Its a complete circle.Once you hear modern Rock and are done by it after 5 years,you again go back to the Classic and appreciate it more.Now you know what quality is with the experience.
   Then you realise what a crap you had to listen to in the first place ,to be that premium with the quality.
  There is nothing like Classic Rock.


----------



## slugger (Sep 19, 2008)

Death Magnetic is a *major* improvement over St. Anger [such a let dow it was ]

Any chance of Moser Baer distributing the album here?[/jk]



ayahuasca said:


> DEATH ROCK!!  *CHILDREN OF BODOM, SLAYER, DRAGONFORCE, LAMB OF GOD, LOSTPROPHETS,ICED EARTH*


poseur


----------



## apoorva84 (Sep 19, 2008)

By the Way, Death Magnetic is the number 1 on the charts...its ruling the charts everywhere...


----------



## karmanya (Sep 19, 2008)

Anyone know how much it's gonna cost?
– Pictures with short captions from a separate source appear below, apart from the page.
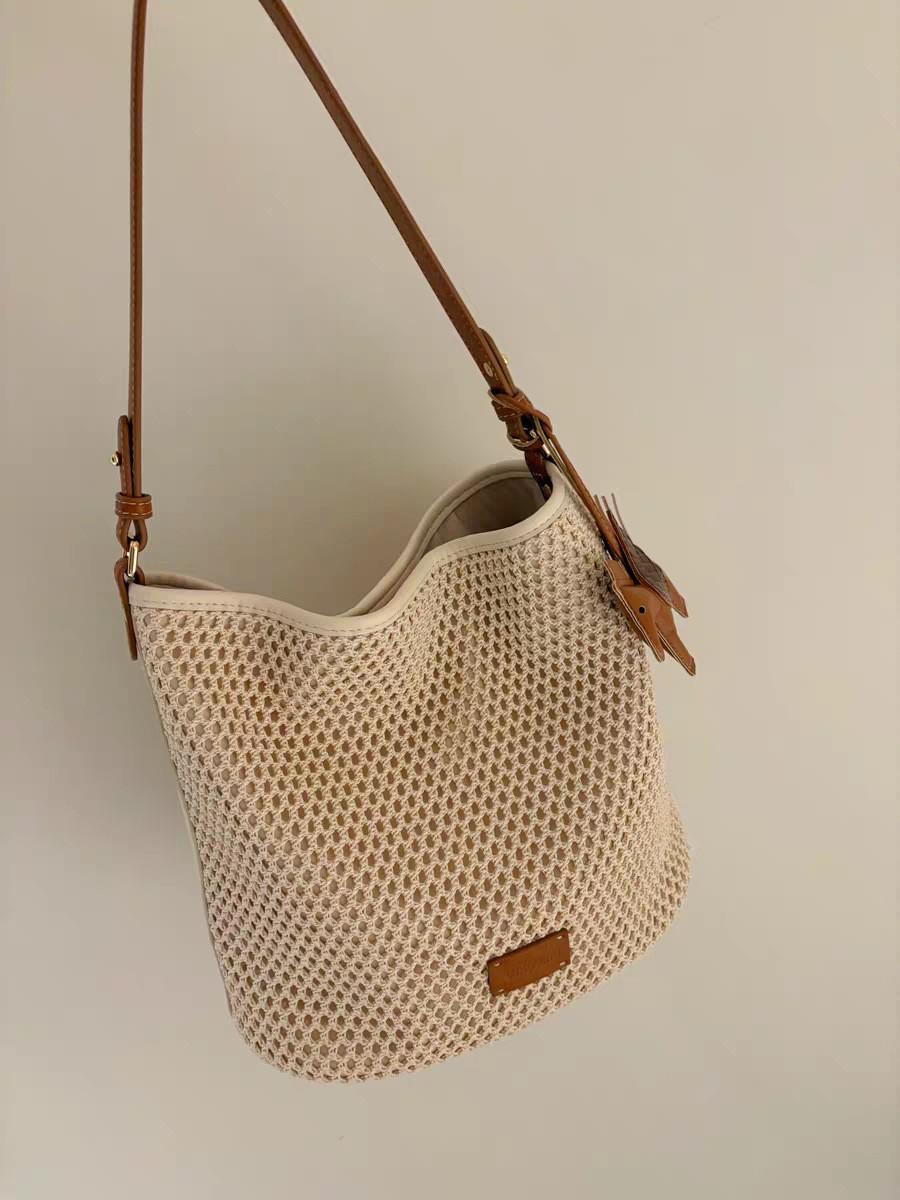 

Nanfeng versatile trend Rhone holiday tote bag women s casual woven bag summer one-shoulder crossbody bag straw bag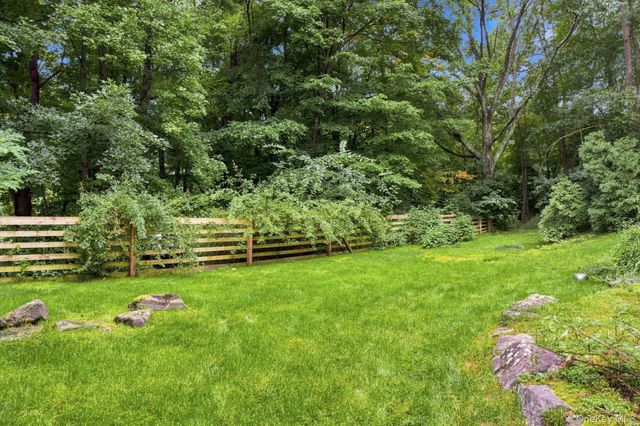 7 Lauro Ridge Court, Mahopac, NY 10541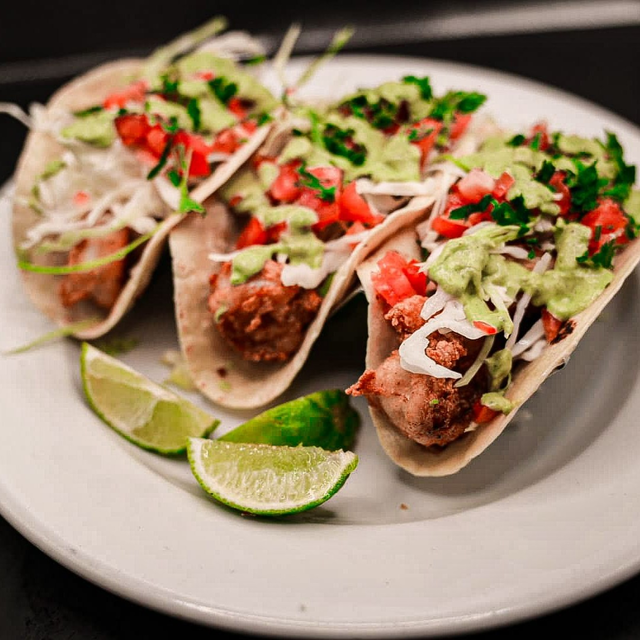 Tacos de Camarones.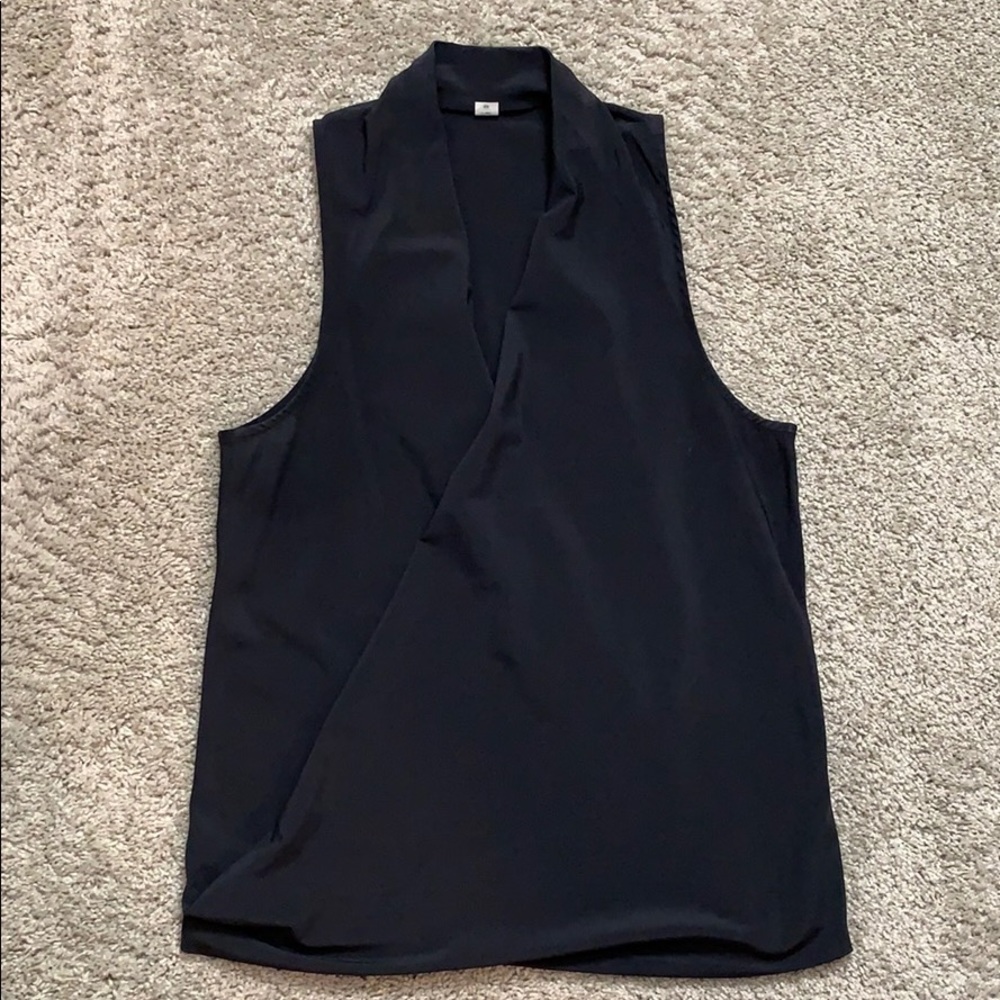 Black lululemon top
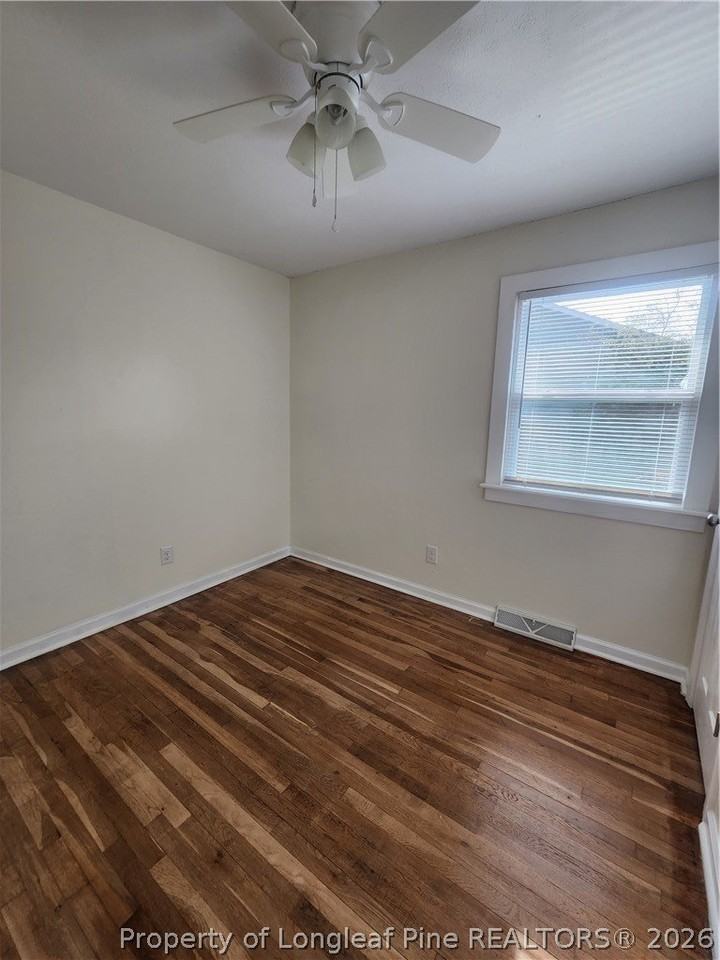 314 Bradford Ave - Photo 7 of 8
I went to Planet M yesterday and the guy was like "Death Magnetic? do you mean megadeath?"


----------



## Faun (Sep 19, 2008)

haha...typical guys with that question mark ?


----------



## MetalheadGautham (Sep 19, 2008)

I heard Landmark is the official distributer in India. So you might want to check there.

PS: Yeah, it would be AWESOME if Moser Baer distributes DM in India


----------



## eggman (Sep 19, 2008)

karmanya said:


> Anyone know how much it's gonna cost? I went to Planet M yesterday and the guy was like "Death Magnetic? do you mean megadeath?"


lolz 
ha ha


----------